Standardizing your data prior to the analysis can undermine the cross- validation. Set standardize=TRUE to automatically standardize the data.

returnSubsetParameters

set to TRUE to return the parameters for each training set

modifyModel

used to modify the lavaanModel. See ?modifyModel.

control

used to control the optimizer. This element is generated with the controlBFGS function. See ?controlBFGS for more details.

Value

model of class cvRegularizedSEM

Details

Identical to regsem, models are specified using lavaan. Currently, most standard SEM are supported. lessSEM also provides full information maximum likelihood for missing data. To use this functionality, fit your lavaan model with the argument sem(..., missing = 'ml'). lessSEM will then automatically switch to full information maximum likelihood as well.

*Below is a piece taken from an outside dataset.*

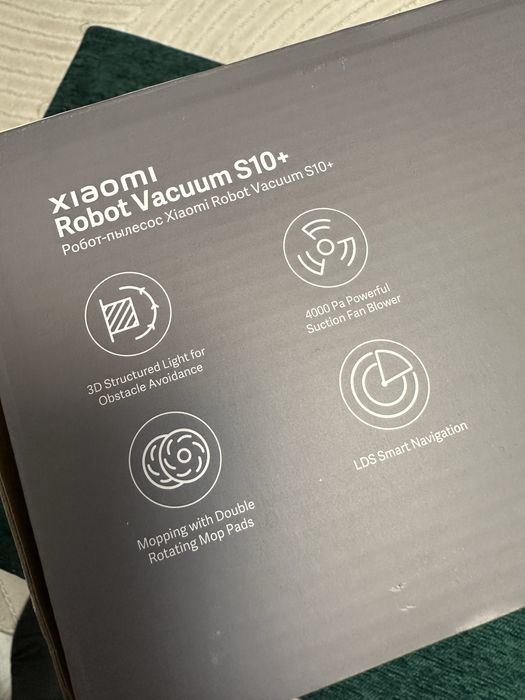 Aspirator robot Xiaomi S10+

Elastic net regularization:

  • Zou, H., & Hastie, T. (2005). Regularization and variable selection via the elastic net. Journal of the Royal Statistical Society: Series B, 67(2), 301–320. https://doi.org/10.1111/j.1467-9868.2005.00503.x

Regularized SEM

  • Huang, P.-H., Chen, H., & Weng, L.-J. (2017). A Penalized Likelihood Method for Structural Equation Modeling. Psychometrika, 82(2), 329–354. https://doi.org/10.1007/s11336-017-9566-9

  • Jacobucci, R., Grimm, K. J., & McArdle, J. J. (2016). Regularized Structural Equation Modeling. Structural Equation Modeling: A Multidisciplinary Journal, 23(4), 555–566. https://doi.org/10.1080/10705511.2016.1154793

Examples

library(lessSEM)

# Identical to regsem, lessSEM builds on the lavaan
# package for model specification. The first step
# therefore is to implement the model in lavaan.

dataset <- simulateExampleData()

lavaanSyntax <- "
f =~ l1*y1 + l2*y2 + l3*y3 + l4*y4 + l5*y5 +
     l6*y6 + l7*y7 + l8*y8 + l9*y9 + l10*y10 +
     l11*y11 + l12*y12 + l13*y13 + l14*y14 + l15*y15
f ~~ 1*f
"

lavaanModel <- lavaan::sem(lavaanSyntax,
                           data = dataset,
                           meanstructure = TRUE,
                           std.lv = TRUE)

# Regularization:

lsem <- cvSmoothElasticNet(
  # pass the fitted lavaan model
  lavaanModel = lavaanModel,
  # names of the regularized parameters:
  regularized = paste0("l", 6:15),
  epsilon = 1e-8,
  lambdas = seq(0,1,length.out = 5),
  alphas = .3)

# the coefficients can be accessed with:
coef(lsem)

# elements of lsem can be accessed with the @ operator:
lsem@parameters

# optional: plotting the cross-validation fit requires installation of plotly
# plot(lsem)